**WORK ITEM:** From the entries below, please output exactly the lines starting at the one containing "Blue Tunic (Bin" and ending at the one containing "കോട്ടക്കലിൽ വൻ തീപിടിത്തം;", both included.

**RECORDS TO PROCESS:**
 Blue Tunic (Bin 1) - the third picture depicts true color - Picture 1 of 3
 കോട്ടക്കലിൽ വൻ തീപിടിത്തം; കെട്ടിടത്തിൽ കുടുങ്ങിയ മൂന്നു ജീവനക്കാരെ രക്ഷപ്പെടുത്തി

---

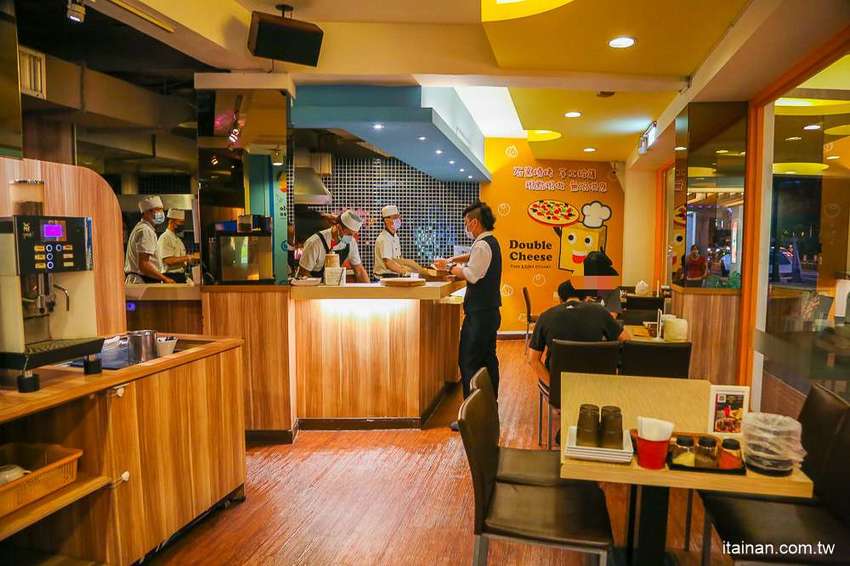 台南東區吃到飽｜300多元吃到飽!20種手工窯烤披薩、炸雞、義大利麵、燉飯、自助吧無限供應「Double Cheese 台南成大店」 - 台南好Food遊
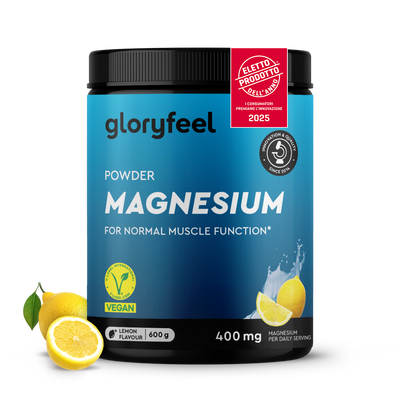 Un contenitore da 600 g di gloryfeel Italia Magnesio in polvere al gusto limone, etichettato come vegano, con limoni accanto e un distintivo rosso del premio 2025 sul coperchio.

* * *

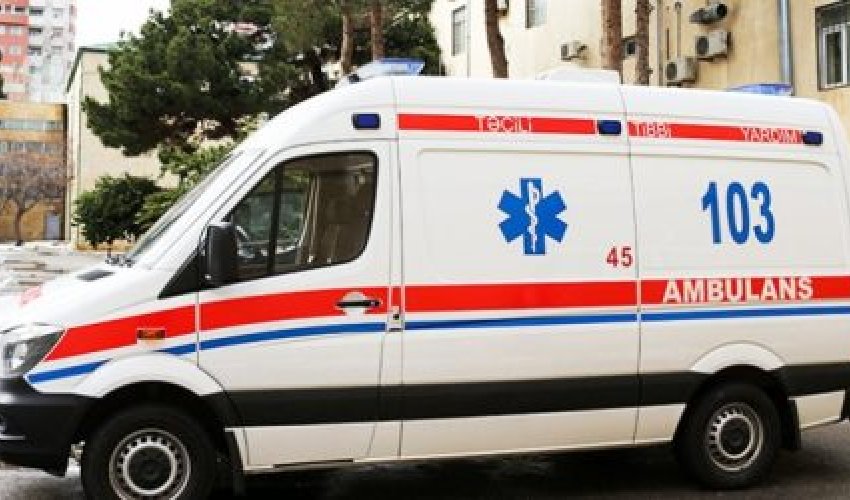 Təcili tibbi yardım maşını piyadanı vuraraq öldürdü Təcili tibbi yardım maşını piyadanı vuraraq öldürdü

**PROBLEM SOLUTION:**
 Blue Tunic (Bin 1) - the third picture depicts true color - Picture 1 of 3
 കോട്ടക്കലിൽ വൻ തീപിടിത്തം; കെട്ടിടത്തിൽ കുടുങ്ങിയ മൂന്നു ജീവനക്കാരെ രക്ഷപ്പെടുത്തി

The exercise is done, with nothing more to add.